Investigation revealed that avoiding an association of VM host with virtual computer will fix the issue. This can be done by having DiscoveryPropertyOverride to disable VM host discovery in the context of Microsoft.Windows.Cluster.VirtualServer. (Solution verified while investigating issue.)

 

<DiscoveryPropertyOverride ID="VirtualServer.2005R2.Discovery.Override" Context="Cluster!Microsoft.Windows.Cluster.VirtualServer" Enforced="false" Discovery="VirtualServer!Microsoft.Virtualization.VirtualServer.2005R2.DiscoveryRule" Property="Enabled">

  <Value>false</Value>

</DiscoveryPropertyOverride>

 

Implementing workaround:

 

Really should be as simple as importing attached MP. But I had an environment where following steps had to be taken:

 

1.       Open Operations Console

2.       Go to “Administration” -> ManagementPack

3.       Select “Microsoft Virtualization Reports” -> right click -> delete

4.       Select “Microsoft Virtual Server 2005 R2” -> right click -> delete. If another dependency exist, delete as well (please be careful if such dependency is default MP as diff steps needs to be taken first)
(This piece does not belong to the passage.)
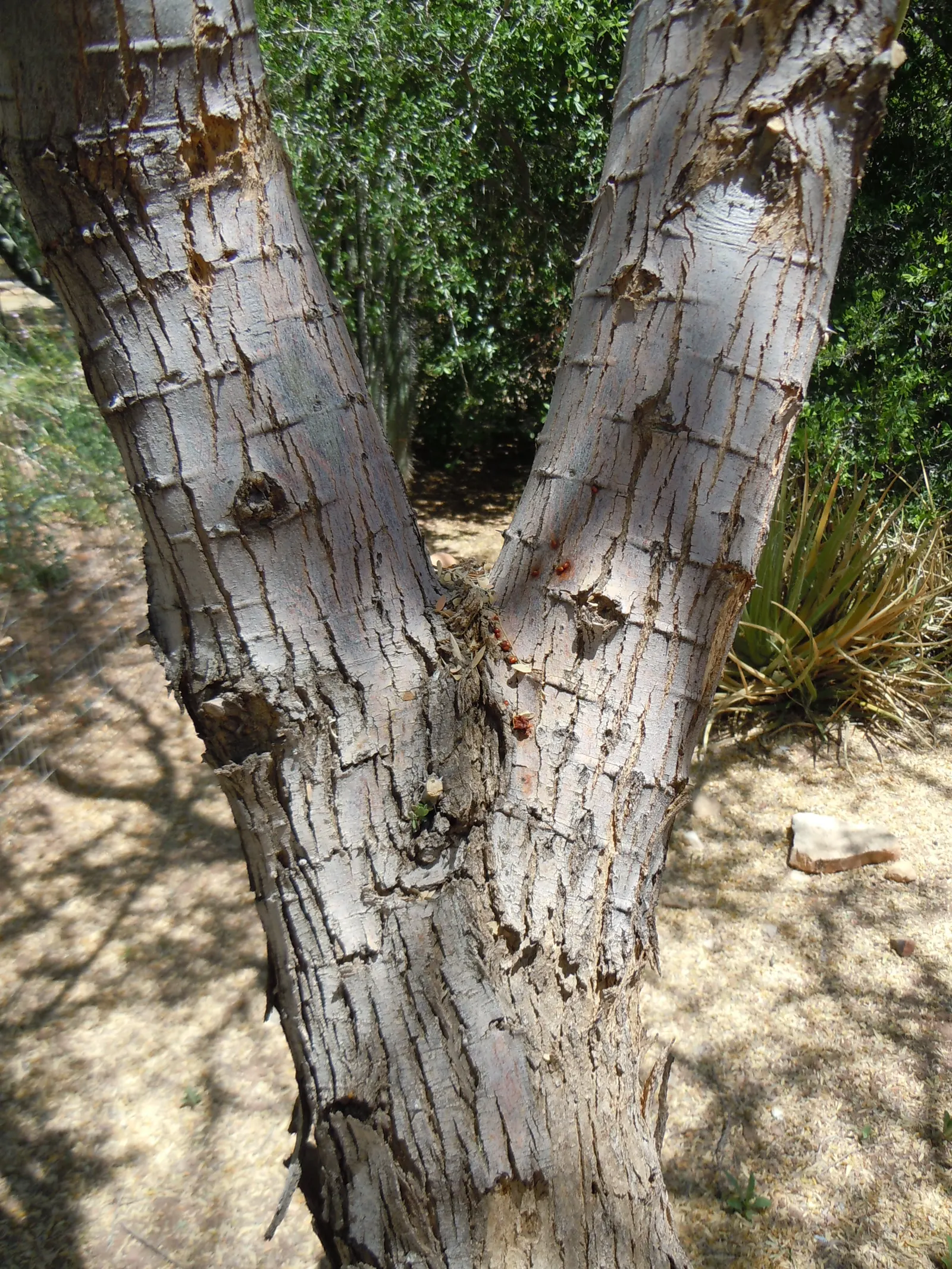 Desert Ironwood (Olneya Tesota) — providing not only ecological benefits but also a strong architectural statement in landscape design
5.       Right click in “Administration” pane -> Import management packs

6.       Add Microsoft.Virtualization.Reports.mp

7.       Add Microsoft.Virtualization.VirtualServer.2005R2.mp

8.       Add attached MP

 

When all management packs are imported at the same time, override is properly applied and such allowed my test environment to work and monitor virtual machines

 

DISCLAIMER:

Please evaluate in your test environment first! As expected, this solution is provided AS-IS, with no warranties and confers no rights. Use is subject to the terms specified at Microsoft.